I've already shared with you director Morris Ertman's pre-rehearsal notes on HOW TO WRITE A NEW BOOK FOR THE BIBLE. Here are his thoughts after spending some time working on the show.
It’s been quite a journey unpacking this play. I was drawn to it because it resonates with a belief I have had for some time - that the mystical experiences of characters in scripture were real happenings that then were mythologized in stories so remarkable that everyone had to know about them. And because people understood that they were finite, they wanted the stories to outlive their telling of them, so wrote them down. The stories all had something in common - an understanding of our humanity in relation to a God who was engaged in the day to day life of humankind.
Well, if such a relationship truly exists, why wouldn’t there be more stories that become myths that inspire us to understand that relationship? Why would it end at the Council of Nacaea where a group of religious leaders and scholars determined what books would be in the Bible around 300 AD?
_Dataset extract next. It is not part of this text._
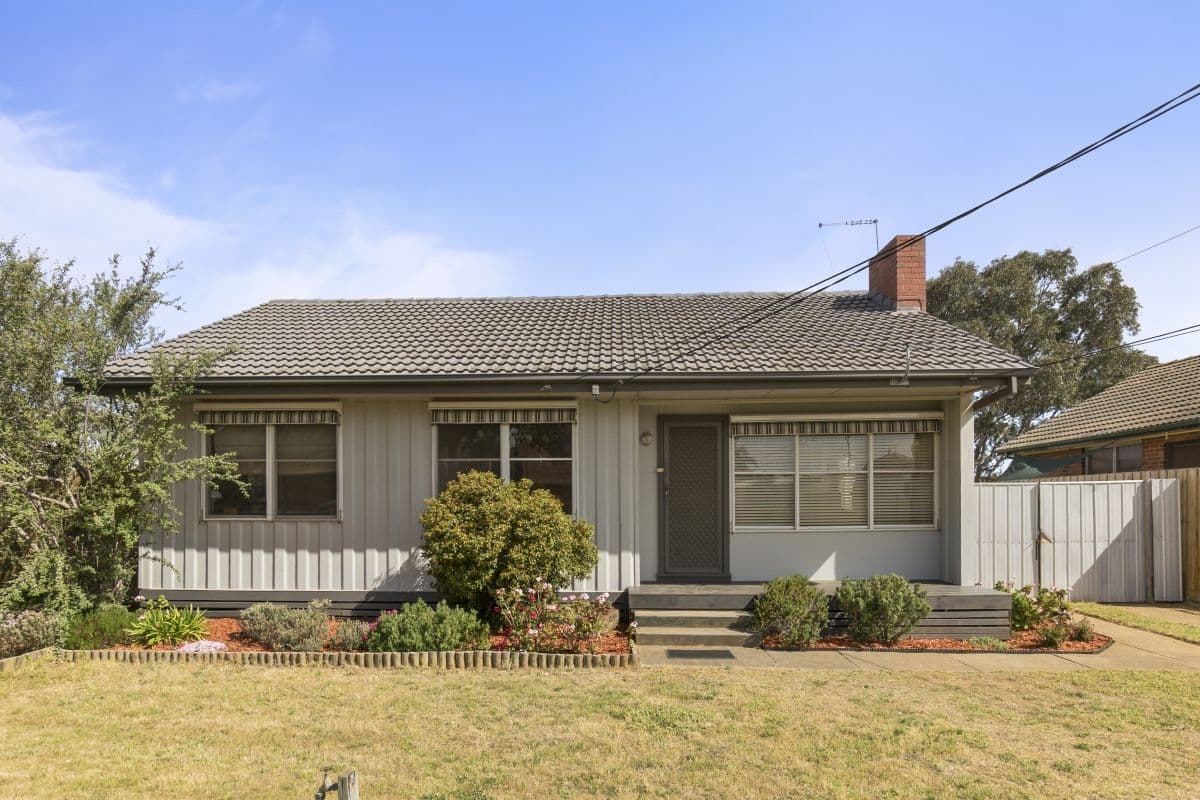 11 Vincent Crescent, Werribee VIC 3030, Werribee - Image 1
That’s why this play intrigues me. It’s the journey of a writer wrestling with an understanding of his family and himself within the context of a greater myth - a myth that reaches for an understanding of our place in the sea of humanity that has come before and will come after us. It’s a journey of self-revelation contextualized by Biblical story. It’s a “why does this matter” story set in the ridiculous, goofy, undignified, petty, pretend, rarely sublime, give and take of ordinary family life. (And yes, if truth be told, we’ve all been defined by the ridiculous more often than the sublime.) Bill Cain, the priest who became the writer of a play called How To Write A New Book For The Bible - a title so long that it can’t fit on the header of a page - wonders if maybe the sublime is revealed in part by the ridiculous. Maybe the best place to find grace is in the places we think it cannot live. If that’s true, there’s hope for a little divinity to show up in all our lives, and if it does, our stories are a continuation of a grand tradition of myth where the Kingdom of Heaven is evidenced on earth.